Bio

I am a Ph.D. student in Islamic Studies at Harvard University.  My research explores the intersections of Islamic law, literature, and religion in Sub-Saharan Africa.  Focusing on Sudan, Mauritania, and Guinea, I consider the ways in which texts live in communities, and likewise, communities in texts.  My work seeks to rethink how books of positive law (furu` al-fiqh) become part of a scholarly canon, the production of meaning through their transmission, and how both are instructive for reimagining Islamic law and scholasticism in Africa.  My dissertation employs ethnography of teaching circles and close readings of unpublished manuscripts to explore a notoriously difficult example of such a work, the fourteenth century law manual, Mukhtasar Khalil.  Sitting at the juncture of anthropology and history, the project aims to trace the reception of the Khalil as it evolved, contracted, and expanded by way of hundreds of glosses over nearly seven centuries.  I question how, and why, glossing the Khalil became a favorite method for reinterpreting genre and authority in late Maliki legal thought, and how communities continue to reconstruct the text across Islamic Africa today.

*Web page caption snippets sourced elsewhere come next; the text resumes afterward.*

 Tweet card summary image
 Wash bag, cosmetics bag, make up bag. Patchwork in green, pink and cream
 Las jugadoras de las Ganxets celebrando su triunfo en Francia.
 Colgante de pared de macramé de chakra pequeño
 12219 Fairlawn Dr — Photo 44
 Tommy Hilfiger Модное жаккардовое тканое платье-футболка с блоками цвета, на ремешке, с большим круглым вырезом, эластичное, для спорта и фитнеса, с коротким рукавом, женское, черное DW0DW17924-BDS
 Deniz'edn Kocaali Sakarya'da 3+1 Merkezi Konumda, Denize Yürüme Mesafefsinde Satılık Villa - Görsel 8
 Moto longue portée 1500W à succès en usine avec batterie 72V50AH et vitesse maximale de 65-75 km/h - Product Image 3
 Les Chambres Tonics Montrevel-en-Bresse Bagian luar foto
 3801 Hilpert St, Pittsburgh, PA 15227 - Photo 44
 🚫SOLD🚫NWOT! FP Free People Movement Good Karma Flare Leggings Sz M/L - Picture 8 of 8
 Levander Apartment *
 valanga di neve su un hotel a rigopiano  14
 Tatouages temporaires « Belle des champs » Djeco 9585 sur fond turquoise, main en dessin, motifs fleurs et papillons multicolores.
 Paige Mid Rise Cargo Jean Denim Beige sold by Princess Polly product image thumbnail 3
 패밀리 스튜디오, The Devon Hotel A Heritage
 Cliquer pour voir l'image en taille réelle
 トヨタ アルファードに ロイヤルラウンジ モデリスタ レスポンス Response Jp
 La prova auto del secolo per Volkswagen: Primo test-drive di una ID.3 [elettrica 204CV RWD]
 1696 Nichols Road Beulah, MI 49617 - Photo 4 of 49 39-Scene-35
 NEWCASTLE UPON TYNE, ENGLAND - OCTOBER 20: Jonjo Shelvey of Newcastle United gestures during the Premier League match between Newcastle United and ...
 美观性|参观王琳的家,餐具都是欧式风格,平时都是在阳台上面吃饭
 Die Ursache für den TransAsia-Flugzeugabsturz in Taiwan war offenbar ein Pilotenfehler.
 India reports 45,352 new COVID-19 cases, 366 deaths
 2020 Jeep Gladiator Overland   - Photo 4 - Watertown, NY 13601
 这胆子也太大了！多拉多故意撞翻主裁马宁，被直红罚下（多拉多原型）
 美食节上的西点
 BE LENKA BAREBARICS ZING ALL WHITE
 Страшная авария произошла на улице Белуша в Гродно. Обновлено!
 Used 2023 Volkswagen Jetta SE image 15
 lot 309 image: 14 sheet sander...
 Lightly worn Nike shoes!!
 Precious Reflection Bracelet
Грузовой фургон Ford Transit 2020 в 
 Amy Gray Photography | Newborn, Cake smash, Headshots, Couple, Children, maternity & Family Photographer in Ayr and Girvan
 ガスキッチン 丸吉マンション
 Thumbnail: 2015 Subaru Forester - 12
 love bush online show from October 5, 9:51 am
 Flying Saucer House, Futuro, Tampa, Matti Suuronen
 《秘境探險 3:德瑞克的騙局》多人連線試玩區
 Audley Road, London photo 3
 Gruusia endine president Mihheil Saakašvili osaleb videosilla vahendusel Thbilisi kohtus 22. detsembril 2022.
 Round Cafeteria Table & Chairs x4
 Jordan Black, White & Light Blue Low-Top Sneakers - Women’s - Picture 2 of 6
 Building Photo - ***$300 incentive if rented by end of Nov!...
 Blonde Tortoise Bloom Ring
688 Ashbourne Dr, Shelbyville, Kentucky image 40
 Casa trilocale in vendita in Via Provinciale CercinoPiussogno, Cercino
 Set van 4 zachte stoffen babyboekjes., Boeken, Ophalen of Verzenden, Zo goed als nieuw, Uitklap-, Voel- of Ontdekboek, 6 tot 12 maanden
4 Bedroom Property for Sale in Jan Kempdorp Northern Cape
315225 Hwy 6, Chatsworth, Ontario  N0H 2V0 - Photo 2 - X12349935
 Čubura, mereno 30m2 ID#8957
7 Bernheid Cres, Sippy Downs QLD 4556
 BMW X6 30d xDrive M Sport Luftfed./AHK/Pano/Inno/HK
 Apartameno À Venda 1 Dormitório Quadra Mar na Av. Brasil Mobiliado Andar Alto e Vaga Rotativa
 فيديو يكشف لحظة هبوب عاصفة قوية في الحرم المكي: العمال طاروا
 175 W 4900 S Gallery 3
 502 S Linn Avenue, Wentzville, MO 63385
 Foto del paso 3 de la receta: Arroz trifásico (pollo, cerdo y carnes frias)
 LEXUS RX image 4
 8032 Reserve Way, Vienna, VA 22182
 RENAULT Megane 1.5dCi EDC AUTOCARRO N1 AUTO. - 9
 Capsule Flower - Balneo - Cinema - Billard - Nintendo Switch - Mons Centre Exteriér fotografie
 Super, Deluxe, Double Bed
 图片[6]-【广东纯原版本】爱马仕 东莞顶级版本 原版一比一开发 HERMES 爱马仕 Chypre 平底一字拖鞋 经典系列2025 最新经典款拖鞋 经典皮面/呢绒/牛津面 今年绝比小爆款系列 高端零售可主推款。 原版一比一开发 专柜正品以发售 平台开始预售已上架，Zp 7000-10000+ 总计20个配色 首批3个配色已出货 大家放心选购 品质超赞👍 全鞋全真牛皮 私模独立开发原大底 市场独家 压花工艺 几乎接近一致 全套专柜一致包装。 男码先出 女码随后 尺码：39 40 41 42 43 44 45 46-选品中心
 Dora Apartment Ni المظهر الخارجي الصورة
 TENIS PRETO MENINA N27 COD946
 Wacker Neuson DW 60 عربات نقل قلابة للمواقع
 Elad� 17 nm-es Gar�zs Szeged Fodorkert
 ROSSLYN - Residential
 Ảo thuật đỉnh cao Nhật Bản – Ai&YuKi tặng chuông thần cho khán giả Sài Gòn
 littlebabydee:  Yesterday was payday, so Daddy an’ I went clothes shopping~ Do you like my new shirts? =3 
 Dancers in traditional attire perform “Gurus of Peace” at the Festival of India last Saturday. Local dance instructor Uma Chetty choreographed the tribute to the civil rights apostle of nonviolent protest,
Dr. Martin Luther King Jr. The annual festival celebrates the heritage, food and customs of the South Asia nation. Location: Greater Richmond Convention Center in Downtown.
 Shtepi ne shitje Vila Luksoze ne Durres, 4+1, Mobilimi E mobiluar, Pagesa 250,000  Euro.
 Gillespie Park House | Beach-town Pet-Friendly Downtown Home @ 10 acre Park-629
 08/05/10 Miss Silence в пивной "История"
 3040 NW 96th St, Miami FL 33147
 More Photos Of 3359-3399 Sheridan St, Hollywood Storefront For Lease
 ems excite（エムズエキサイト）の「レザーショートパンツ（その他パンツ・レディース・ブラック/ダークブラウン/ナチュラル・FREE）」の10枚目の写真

I received my undergraduate degree at Swarthmore College and Master’s degree at Dartmouth College, earning the outstanding graduate thesis of 2012 for my work on customary law in highland Yemen.  I have conducted ethnographic fieldwork and archival research in Yemen, Egypt, Morocco, Senegal, Guinea, Sudan, where I held visiting research appointments in the University of Khartoum’s Department of Islamic Studies (2014-2015, 2016), and in Mauritania, where I was named a research fellow at the Institut Mauritanien de Recherches Scientifiques (IMRS) (2018-2019).  I have also completed formative training in Maliki law, grammar, and tafsir under scholars in Mauritania and Sudan.  At Harvard, I am the co-chair of the Islam in Africa Conference Series and the founder of its Islamic Africa research workshop.  My research has been funded by the American Institute for Maghrib Studies (AIMS), West African Research Association (WARA), U.S. Department of Education, Dartmouth College, and Harvard’s Center for African Studies, Islamic Legal Studies Program, Weatherhead Center for International Affairs, and Frederick Sheldon Traveling Fellowship.